Because it’s a far north in Italy as you can get–think Alps– before bumping up against Switzerland’s dupa, you also see Sudtirol on the label, which is also a legacy of being part of the Austro-Hungarian Empire. So they speak a lot of German up there. Sometimes it’s Trentino-Alto-Adige on the label; Trentino is a neighboring province of Italia.

Despite the alpine location, the summer gets pretty warm there, which means they grow a fair amount of red grapes too, a few of which are local varieties like Vernatsch (a.k.a. Schiava), Lagrein, Goldmuscateller (seek this out if you can–sweetness without cloyingness), and Kerner (quality varies, IMHO). And the wines are crisp without making you feel like you’re drinking thumbtacks, and have just the right amount of juicy flavor that keeps you quaffing.

Another interesting thing is that if you’re interested in trying Swiss wines, which are notoriously hard to find in the US because so much is kept over there to drink, this could be the next best thing.

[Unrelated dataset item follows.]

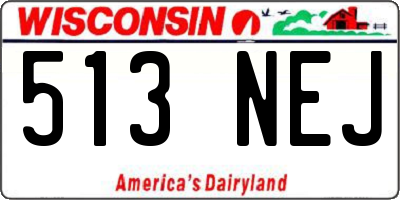 WI license plate 513NEJ
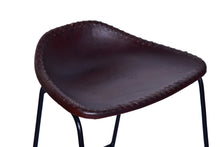 Load image into Gallery viewer, 29&quot; Tall Iron Leather Stool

Winemaker to seek out Alois Lageder. For me, he is Alto-Adige. I serve his rose all the time with anything and people love the hell out of it. It’s a gorgeous deep pink color that looks like candy but tastes smooth and dry.

And he’s pretty reasonable: you can find his Lagrein Rose, regular Lagrein, Pinot Grigio, Pinot Bianco, Grauversnatsch (bless you), and more for anywhere from $13 if you know where to shop (cough Wine Nation, Millbury, cough) to $21.

Winestone and Martignetti’s carry him too. Central Bottle In Cambridge has the higher end chi-chi biodynamic lines where he plays Mozart to the grapes to help them grow better, but that culture don’t come cheap ($20 to $50). I have one or two but I’m kinda saving them for when I cook a big dinner thang.

Other producers you’ll find around Boston: Colterenzio, Hofstatter, Santa Margherita.